=== EXERCISE DETAILS ===
Skip every line before the one containing "1716 kensington Road NW, ##2", then copy that line and the rest of the entries below exactly, through the last line.

=== THE INPUT ===
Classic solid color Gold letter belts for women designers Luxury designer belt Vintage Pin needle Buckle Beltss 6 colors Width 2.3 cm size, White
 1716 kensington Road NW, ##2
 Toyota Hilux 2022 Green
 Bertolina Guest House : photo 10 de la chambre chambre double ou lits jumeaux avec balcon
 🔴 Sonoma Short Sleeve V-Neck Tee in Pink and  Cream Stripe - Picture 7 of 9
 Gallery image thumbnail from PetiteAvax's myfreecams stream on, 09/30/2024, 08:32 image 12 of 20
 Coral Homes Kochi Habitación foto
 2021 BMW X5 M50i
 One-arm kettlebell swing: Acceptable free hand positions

=== RESULT ===
 1716 kensington Road NW, ##2
 Toyota Hilux 2022 Green
 Bertolina Guest House : photo 10 de la chambre chambre double ou lits jumeaux avec balcon
 🔴 Sonoma Short Sleeve V-Neck Tee in Pink and  Cream Stripe - Picture 7 of 9
 Gallery image thumbnail from PetiteAvax's myfreecams stream on, 09/30/2024, 08:32 image 12 of 20
 Coral Homes Kochi Habitación foto
 2021 BMW X5 M50i
 One-arm kettlebell swing: Acceptable free hand positions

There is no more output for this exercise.